Records contained in a dataset

━━━━━━━━━━━━━━━━

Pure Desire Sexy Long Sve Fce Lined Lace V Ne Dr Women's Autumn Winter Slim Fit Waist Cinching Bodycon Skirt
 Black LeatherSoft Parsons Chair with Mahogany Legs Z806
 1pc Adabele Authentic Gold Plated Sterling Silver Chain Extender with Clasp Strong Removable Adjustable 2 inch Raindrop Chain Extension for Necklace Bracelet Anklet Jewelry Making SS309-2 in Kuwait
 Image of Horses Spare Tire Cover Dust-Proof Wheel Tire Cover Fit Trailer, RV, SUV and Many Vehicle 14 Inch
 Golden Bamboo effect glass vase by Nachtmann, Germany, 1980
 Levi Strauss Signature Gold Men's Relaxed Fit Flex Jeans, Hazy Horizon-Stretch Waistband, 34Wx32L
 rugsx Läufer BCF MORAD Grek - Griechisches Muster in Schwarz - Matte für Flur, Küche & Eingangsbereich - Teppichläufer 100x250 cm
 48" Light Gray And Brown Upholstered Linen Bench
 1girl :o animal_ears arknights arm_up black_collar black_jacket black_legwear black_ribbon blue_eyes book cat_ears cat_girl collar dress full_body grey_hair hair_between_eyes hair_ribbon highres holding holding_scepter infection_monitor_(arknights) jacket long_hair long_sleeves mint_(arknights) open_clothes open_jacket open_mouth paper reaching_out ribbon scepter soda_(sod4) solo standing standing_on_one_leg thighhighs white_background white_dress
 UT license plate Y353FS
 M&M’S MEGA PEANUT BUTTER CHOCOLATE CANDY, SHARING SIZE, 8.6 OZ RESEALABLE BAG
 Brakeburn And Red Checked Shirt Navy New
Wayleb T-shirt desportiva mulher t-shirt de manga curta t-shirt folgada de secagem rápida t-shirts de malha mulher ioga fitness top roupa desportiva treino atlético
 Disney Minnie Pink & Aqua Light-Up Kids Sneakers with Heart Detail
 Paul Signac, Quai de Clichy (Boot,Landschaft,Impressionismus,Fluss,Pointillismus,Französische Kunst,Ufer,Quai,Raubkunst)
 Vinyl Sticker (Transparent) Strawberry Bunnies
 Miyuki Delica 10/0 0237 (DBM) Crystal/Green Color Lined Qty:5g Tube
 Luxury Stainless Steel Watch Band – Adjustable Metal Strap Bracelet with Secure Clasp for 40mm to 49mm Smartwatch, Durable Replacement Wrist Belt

━━━━━━━━━━━━━━━━

Of the lines above, output exactly those from the line bearing "Golden Bamboo effect" through the line bearing "Upholstered Linen Bench", inclusive.

→ **Task solution**
 Golden Bamboo effect glass vase by Nachtmann, Germany, 1980
 Levi Strauss Signature Gold Men's Relaxed Fit Flex Jeans, Hazy Horizon-Stretch Waistband, 34Wx32L
 rugsx Läufer BCF MORAD Grek - Griechisches Muster in Schwarz - Matte für Flur, Küche & Eingangsbereich - Teppichläufer 100x250 cm
 48" Light Gray And Brown Upholstered Linen Bench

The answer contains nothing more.